Nadie amagó siquiera moverse de donde estaba. Apenas Cecilia ensayó un aplauso, los demás la fueron acompañando paulatinamente hasta coronar con altisonantes exclamaciones el final del aprendizaje teórico.
-Pasemos al ataque -gritó Gustavo, redoblando los contentos alaridos de los internos. Seguidamente, el líder de la comunidad tomó un plano que descansaba al pie del atril y lo desenrolló de arriba a abajo, mostrándolo con orgullo a su público.
-Recuerden que este es sólo nuestro primer objetivo. Después de cumplirlo con éxito, tendremos otras operaciones por delante, antes de emprender nuestro máximo propósito, convertir a la gente normal en deformes de buen corazón. Pero sigamos, aquí está el edificio donde vive, este es el piso que habita, y en esas casillas están apostados los asquerosos hombres encargados de la seguridad -decía Gustavo, señalando con su puntero las cruces dibujadas en el esquema.
Maximiliano envolvió el plano y luego desplegó otro. Gustavo continuó su exposición apuntando a este último, donde estaba asentado un croquis que indicaba los pasos fundamentales de la acción:
-Por esta avenida pasará el micro conducido por Cairolo, con la mayoría de ustedes fingiendo estar dormidos en el asiento. Aquí se producirá un accidente. Con bocinazos persistentes y estrambóticos se acaparará la atención de la mitad de la guardia. Orlando, vos aparentarás, con tinta roja sobre tu pantalón, estar padeciendo una pérdida de sangre y vos, Silvia, sufrirás un brote de epilepsia o perderás la vista por segunda vez. Ustedes, chicas, gritarán histéricamente a viva voz, meterán lío y tironearán de los brazos de los infames perros y siervos del malvado que debemos atrapar.
Gustavo, con la colaboración del moderador, tuvo que esforzarse para volver a doblar el plano. Con ojos sobresaltados, sus pacientes atendían al plano de la acción.
-Esto no es más que un panorama preliminar, una introducción a la reunión del jueves. Entonces describiré detalladamente el ataque. Así queda inaugurada la etapa militar.
-¡Queremos saber más! -gritó Florencia. -No podés dejar tantas incógnitas sin resolver. Cada uno debe conocer a rajatabla su papel -aclaró luego con voz más tenue.
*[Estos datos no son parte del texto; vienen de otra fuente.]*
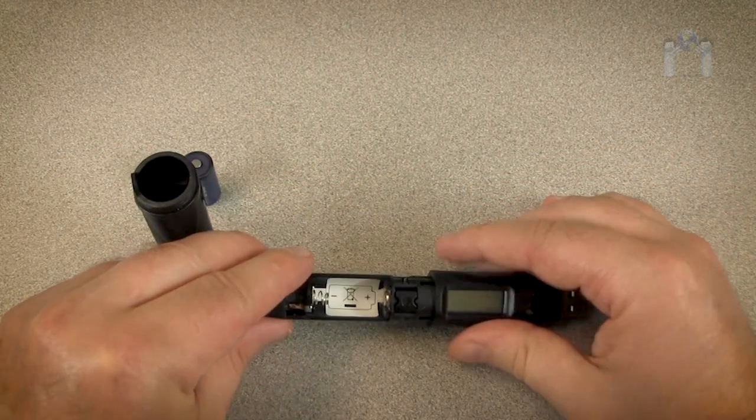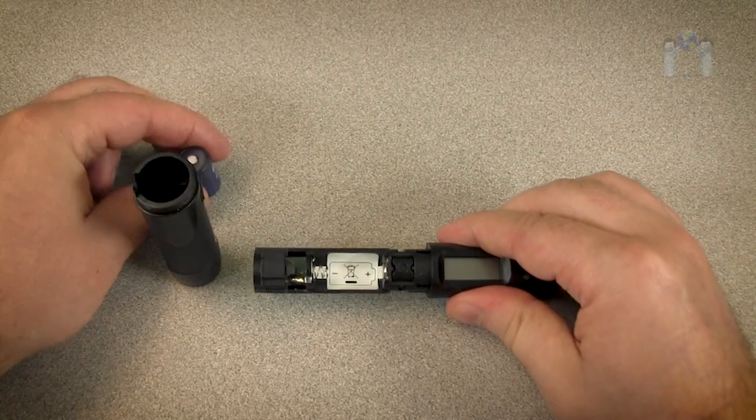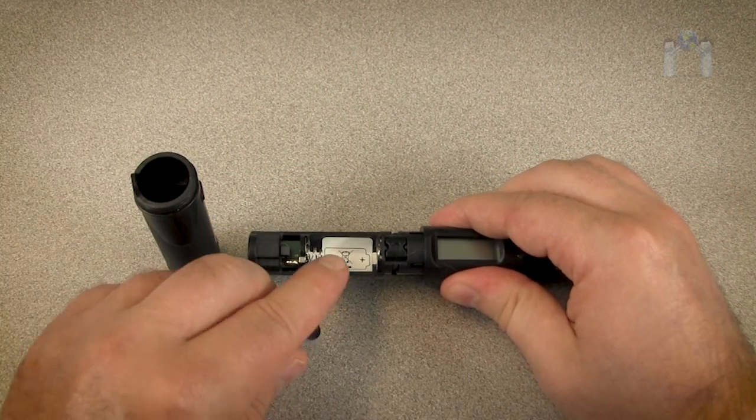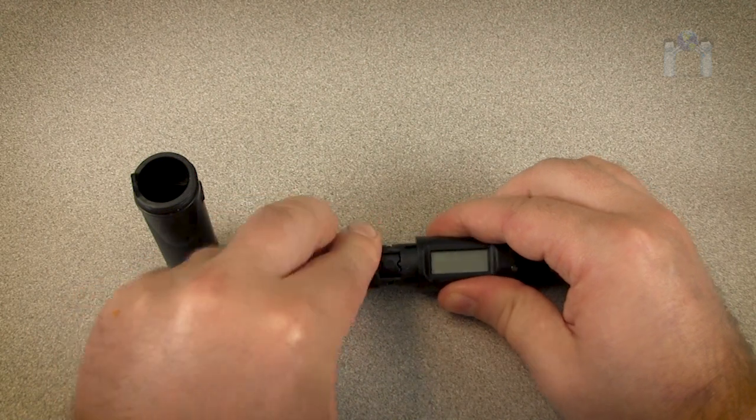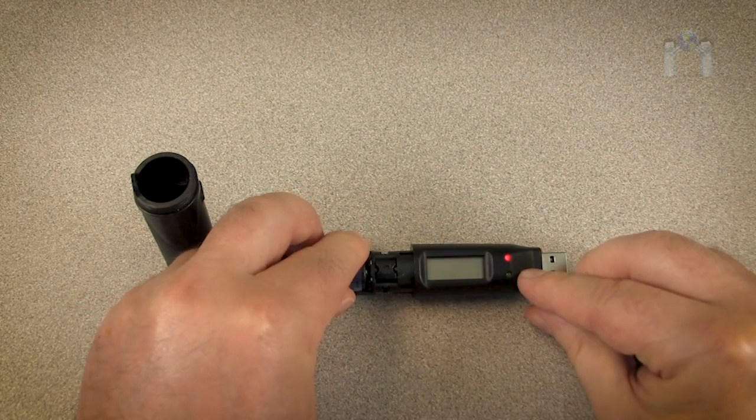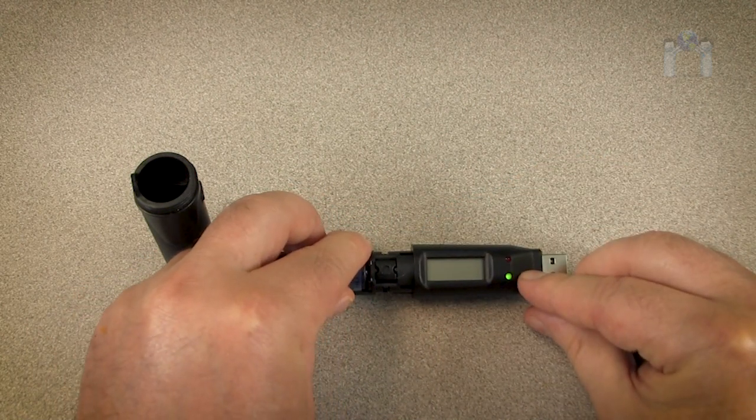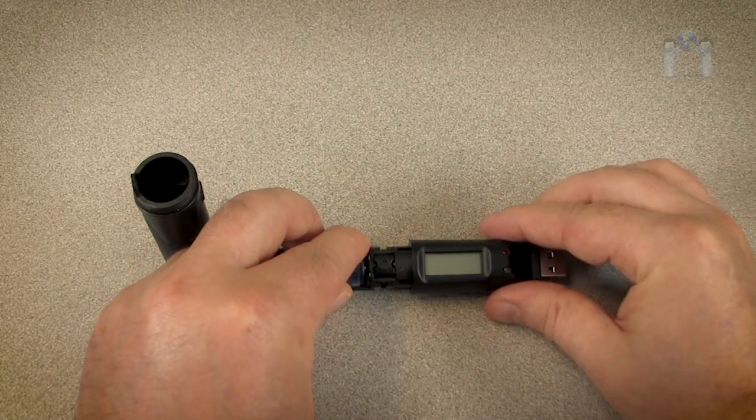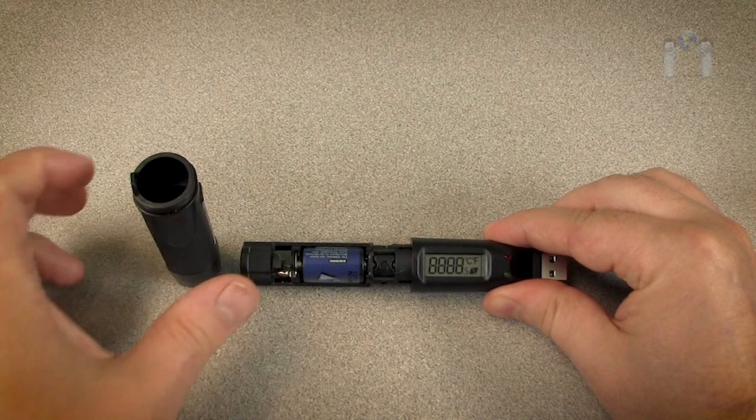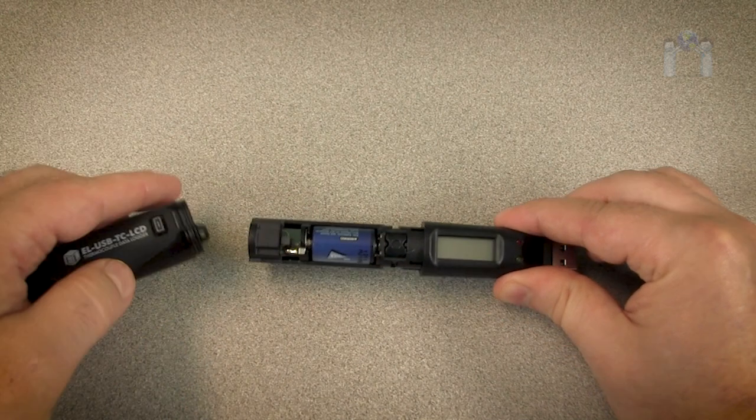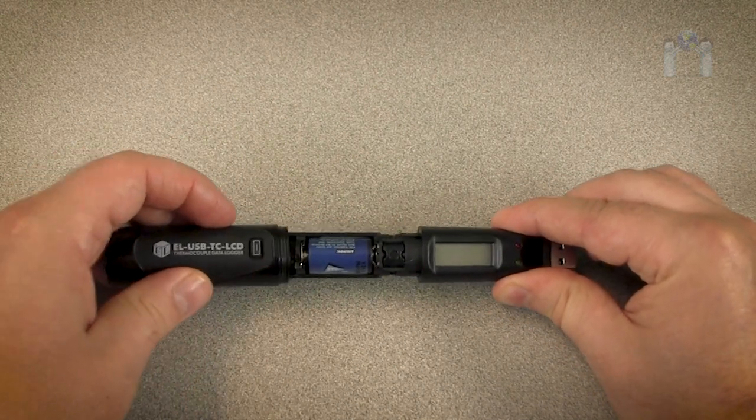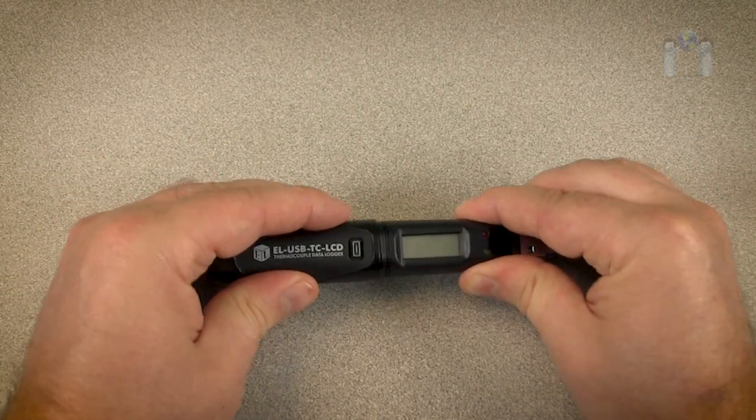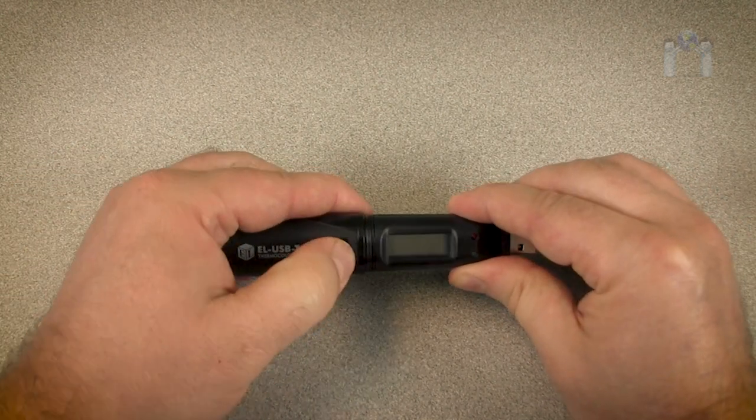Remove the cover and replace or insert the battery, paying attention to the polarity. You should notice the LED lights flash when the new battery is properly installed. Slide the cover back on and you are ready to set up the data logger.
-De eso nos ocuparemos la próxima vez -respondió el cabecilla, ya retirándose del púlpito.
Los internos se quejaron de manera lastimera por el abrupto corte que le había dado Gustavo a la reunión. El timbre sonó otra vez, indicando ahora la culminación de la conducción de Maximiliano, que resoplando y dando pruebas de desgaste (su cara se había descomprimido, la tensión había descendido raudamente de sus rasgos hasta conferirle cierta candidez a su fiereza irremediable), retornó a su sitio, habiendo dejado su copa vacía sobre el púlpito. Cuando terminó el gemido del espantoso instrumento avisador, Gustavo se ubicó en el centro del sótano y volvio a dirigirse a la audiencia.
-¿Recuerdan que hoy se iba a sumar un compañero a nuestra lucha? Por favor Florencia, vení a presentarlo.